**Task directions:** Nothing except the pictures should be left out when you reproduce the listing exactly.
Source data below:
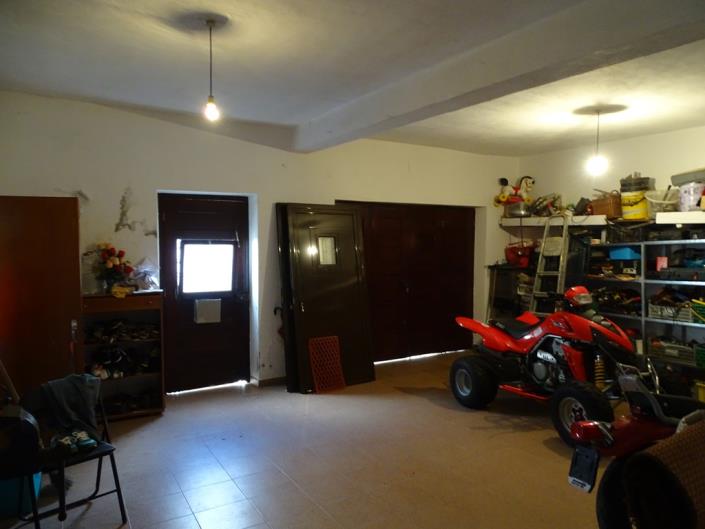 Image No.27-5 Bed Townhouse for sale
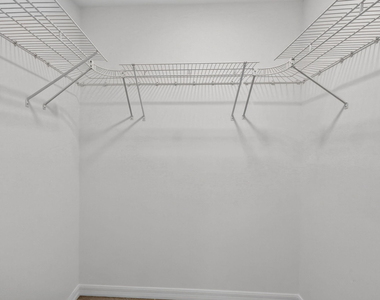 2206 S 34th Street - Photo Thumbnail 36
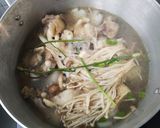 Hình bước làm 2 của món Xương gà nấu rau củ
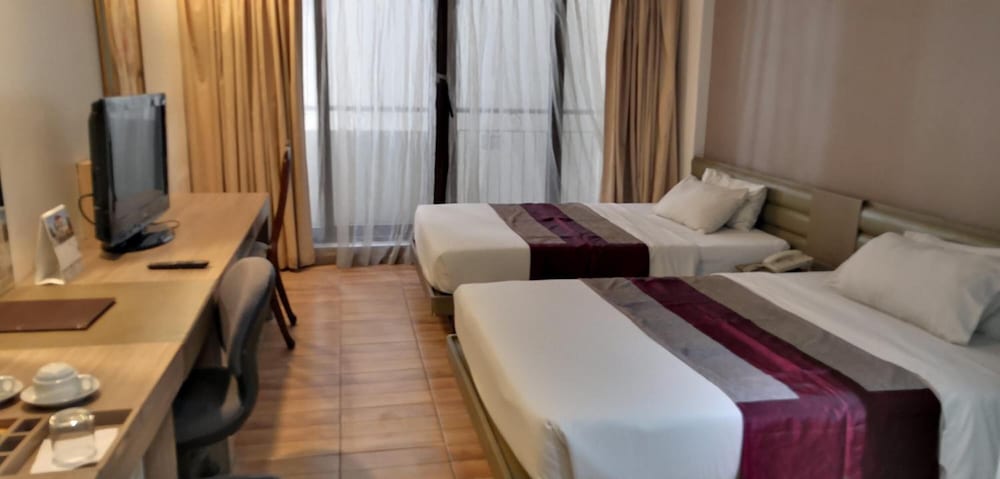 The E-Hotel Makati 22/59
End of Source data.
**Result of the exercise:**
 Image No.27-5 Bed Townhouse for sale
 2206 S 34th Street - Photo Thumbnail 36
 Hình bước làm 2 của món Xương gà nấu rau củ
 The E-Hotel Makati 22/59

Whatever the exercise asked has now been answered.